Bisa kita bayangkan jika sikap positif dan semua bentuk positivitas lainnya disampaikan oleh orang awam? Stempel sosial seperti kadrun nyinyir Covid, antisains, herd stupidity siap ditempelkan lekat ke jidat.
Pernah saya membagikan sebuah informasi di Facebook tentang angka kesembuhan meningkat di tengah serangan Covid varian baru. Lalu seorang kawan-yang juga pengamat dan peneliti politik- menyempatkan diri menuliskan satu komentar singkat: the glass is half full. Sebuah komentar yang ambigu, entah apa maksudnya. Namun saya tetap menangkap sebentuk kebenaran dalam komentar itu.

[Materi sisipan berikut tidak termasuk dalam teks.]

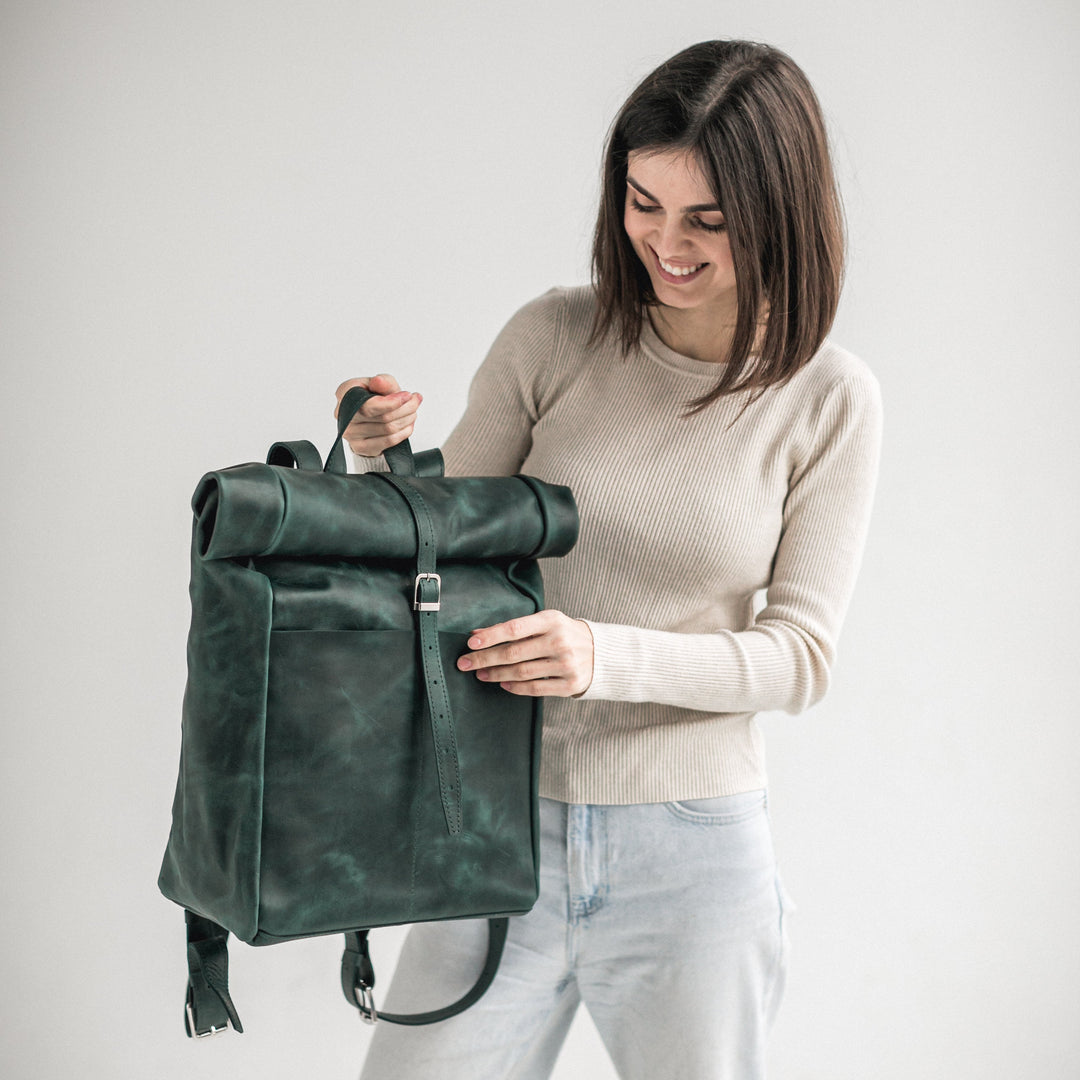 Green leather roll-top backpack - Leather Purse Backpack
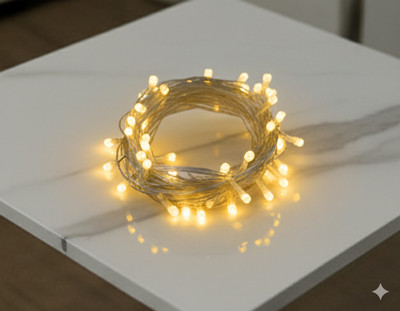 ERHIndia 34 LEDs 10 m Yellow Steady String Rice Lights(Pack of 1)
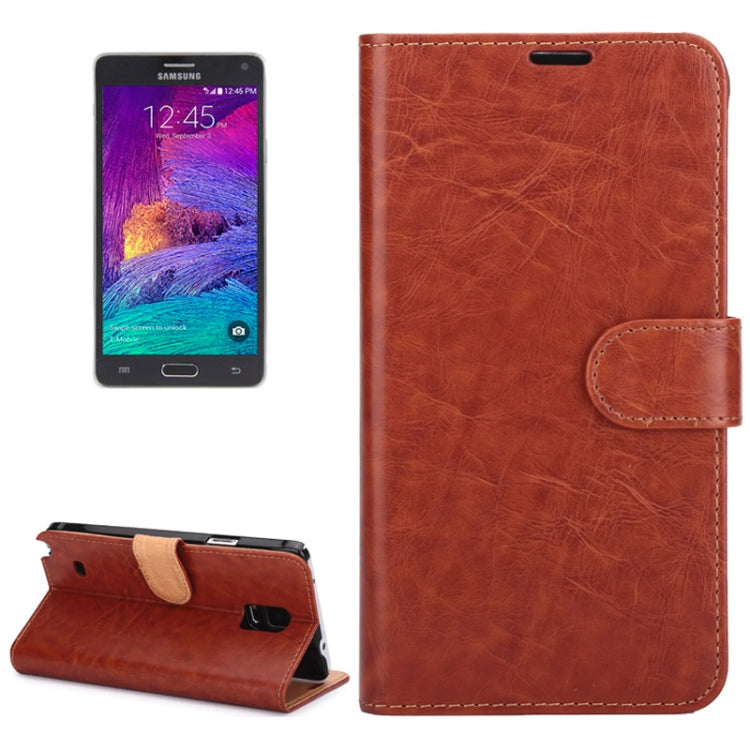 Crazy Horse Texture Horizontal Flip Magnetic Button Leather Case with Holder & Card Slots & Wallet for Galaxy Note 4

Artinya, sebagian orang telah mengisi separuh “gelas pandemi” dengan sesak informasi dan narasi ketakutan yang menggiring orang pada kehendak untuk mati, sebagian yang lain memilih untuk mengisi data dan tindakan positif di separuh bagian ruang yang relatif kosong, longgar dan masih lega. Persis! Yang masih lega: lega bernapas. Kelegaan itu yang sangat kita butuhkan saat ini, ruang bagi life instinct, kehendak untuk hidup terus menyala, berlimpah, lalu deras mengalir, mengurai kalut pandemi.